On his latest tour, James Morrison descended on a slightly more unusual venue: Birmingham’s gorgeous Symphony Hall. Considering how on previous occasions, the singer-songwriter has sold out academies and arenas across the country, it was a surprise decision, but one that worked surprisingly well.
Support came in the form of up-and-coming acoustic singer Kelvin Jones, fresh from busking the UK streets with his debut album, Stop The Moment. His set up was reminiscent of Ed Sheeran and the like, headlining the Symphony Hall stage with just his guitar and a loop pedal. Despite a slightly awkward stage presence – the hall is a daunting place to set foot in, let alone perform in at such a young age – his witty banter and anecdotes of previous shows about drinking too much water and leaving his flies undone made his performance much more endearing. His self-deprecating nature in turn helped us as the audience to appreciate his music, telling the story of how the girl who is subject of popular song ‘Call You Home’ was in the crowd of his show two weeks previously: “and I said [the song was about] ‘a special someone’.. just as she turned to grab a beer.” Being the support, his set was obviously short, however this allowed him to display several (of the best) facets of himself as an artist, with a mash-up cover of The Weeknd’s ‘Can’t Feel My Face’ and ‘Shine’ by Years and Years going down a storm, despite the slightly older audience. Ending his time with us in Birmingham with electric guitar in hand and a cheeky grin on his face, we were ready for more.
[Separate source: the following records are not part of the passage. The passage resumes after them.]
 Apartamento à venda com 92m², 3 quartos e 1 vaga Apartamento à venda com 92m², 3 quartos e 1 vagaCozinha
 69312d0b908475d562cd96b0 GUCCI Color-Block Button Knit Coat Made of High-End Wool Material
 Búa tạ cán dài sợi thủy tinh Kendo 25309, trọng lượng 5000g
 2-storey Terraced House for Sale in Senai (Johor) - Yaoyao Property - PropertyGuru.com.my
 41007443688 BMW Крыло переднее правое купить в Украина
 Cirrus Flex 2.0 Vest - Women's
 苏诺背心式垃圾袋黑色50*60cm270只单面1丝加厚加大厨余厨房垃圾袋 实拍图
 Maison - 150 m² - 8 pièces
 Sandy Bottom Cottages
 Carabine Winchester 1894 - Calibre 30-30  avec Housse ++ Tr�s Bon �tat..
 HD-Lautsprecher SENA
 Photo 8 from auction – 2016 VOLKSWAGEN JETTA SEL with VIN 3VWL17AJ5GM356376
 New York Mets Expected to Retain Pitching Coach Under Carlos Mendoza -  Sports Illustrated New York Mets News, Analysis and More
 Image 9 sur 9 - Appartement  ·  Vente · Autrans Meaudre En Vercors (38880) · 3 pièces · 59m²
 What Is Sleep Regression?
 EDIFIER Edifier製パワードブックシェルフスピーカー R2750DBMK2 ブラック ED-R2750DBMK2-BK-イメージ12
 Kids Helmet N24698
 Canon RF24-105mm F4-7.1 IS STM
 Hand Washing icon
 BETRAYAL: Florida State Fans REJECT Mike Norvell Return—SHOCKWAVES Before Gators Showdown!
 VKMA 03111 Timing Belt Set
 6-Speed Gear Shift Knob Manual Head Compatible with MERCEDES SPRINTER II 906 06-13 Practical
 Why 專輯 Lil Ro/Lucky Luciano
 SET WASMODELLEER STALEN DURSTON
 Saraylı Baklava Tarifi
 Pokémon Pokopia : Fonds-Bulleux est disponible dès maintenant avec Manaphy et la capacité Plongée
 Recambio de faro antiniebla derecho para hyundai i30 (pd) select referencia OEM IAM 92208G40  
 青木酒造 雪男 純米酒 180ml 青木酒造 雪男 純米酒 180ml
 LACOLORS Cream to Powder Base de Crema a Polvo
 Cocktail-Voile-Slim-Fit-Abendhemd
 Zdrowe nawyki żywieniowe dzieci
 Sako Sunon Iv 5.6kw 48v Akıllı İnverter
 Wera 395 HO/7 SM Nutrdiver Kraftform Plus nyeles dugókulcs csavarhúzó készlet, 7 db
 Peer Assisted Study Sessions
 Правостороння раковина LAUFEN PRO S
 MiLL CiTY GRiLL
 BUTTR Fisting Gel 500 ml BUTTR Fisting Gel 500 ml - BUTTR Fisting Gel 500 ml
Jumping on stage, James Morrison and his band launched into debut album opener ‘Under The Influence’, with a relentless energy being evident from the start. The setlist was abound with gems from all four of Morrison’s albums, commanding the stage like a pro. The change in venue was not lost on him, exclaiming between tracks that it was “very posh in here”. This did not alter his performance style in any way, complete with gyrating hips and brazen smile throughout each and every inclusion. He alluded to his dance moves in particular, admitting that it took him a while “to feel comfortable on stage” but only displayed further his confidence as an established artist. The wonderful thing about an artist like Morrison is his character: he is a man full of charm, prefacing many of his songs with stories and anecdotes that were hard not to laugh at and relate to, no matter what your age. He explained how ‘Something Right’ was his way of “finding confidence as a person by having a kid” while he told us in detail how fan favourite ‘Wonderful World’ from 2006’s Undiscovered is about a deaf guy who hugged him on a bus, and decided to “[try] to write him a song… well, he’s not gonna hear it”. If there was one thing that had the crowd in a fit of giggles, it was his story of ‘Slave to the Music’, inspired by a “What would Michael Jackson do?” moment whilst stoned and drunk in an American hotel room. His Michael Jackson impression was interesting to say the least, but the song was an exhibition of the more soulful, funky side of James Morrison as an artist. However, as he said so himself, “it sounds fuck all like MJ”.
The night was filled with a sense of nostalgia and strong sentiment, Morrison evoking this through compelling performances of both ‘The Letter’ and a stripped back and emotionally stirring version of ‘If You Don’t Wanna Love Me’, which I highly doubt left a single dry eye in the entire hall. The place came alive during ‘Broken Strings’, a sea of voices lifting the room and accompanying Morrison to make up for the fact that Nelly Furtado wasn’t there to sing on the duet. However, Morrison has such a wonderful range that this becoming a solo song only further accentuated its raw emotional balladry. Other highlights included his latest single, ‘I Need You Tonight’ coupled with the fabulous ‘Call The Police’, the final two songs before launching into his encore. This obviously included his most-loved track, ‘You Give Me Something’ and latest album track ‘Higher Than Here’ – ending on this titular album track finished the night on a humble, gospel-infused note, making it feel less like a concert and more like a celebration with friends. It’s obvious that James Morrison has still got something, and I can’t wait for him to tour it again soon.